- Location: Marshall, Texas
- Created: 1934
- Operator: Camp Fern Legacy, Inc.
- Website: www.campfern.org

= Camp Fern =

Summer camp in Harrison County, Texas, US

Camp Fern is a summer camp for boys and girls, located in rural Harrison County outside of Marshall, Texas, United States. It was founded in 1934, and operates on the basis of Christian principles, with respect for all faiths.

==History==
Though they had facilitated recreational activities for children on the shores of Fern Lake since 1931, Vernon and Maggie Hilliard officially founded Camp Fern in 1934 with the addition of residential cabins built from logs sourced from the surrounding area. A five-week, all-girls session began each summer, followed by a five-week, all-boys session.
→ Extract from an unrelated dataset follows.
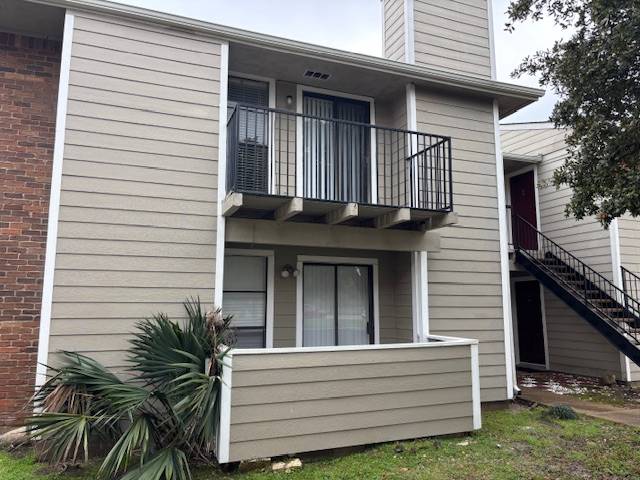 College Station, TX 77840,1901 Holleman DR W #310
The original activities offered, including English horseback riding, swimming, canoeing, riflery, archery, arts & crafts and educational programs on the natural ecosystem of the Piney Woods of East Texas, all remain. Through the years, more have been added - including water skiing, tennis, boxing, fencing, drama and a ropes course. Additionally, Camp Fern seeks to provide unique cultural experiences - such as the 2015 visit from the Bolshoi Ballet from Moscow, Russia.

Since the beginning, a focal point of camp life at Fern has been tribal competition - in which all campers join one of two tribes (Bena or Owaisso at girls' camp, Caddo or Tejas at boys' camp) that are pitted against each other in a variety of contests throughout the session. On the last night of camp, the result of the session-long competition is announced by revealing that year's "feather" - painted in the winning tribe's color - on a wooden plaque that resembles a Native American headdress.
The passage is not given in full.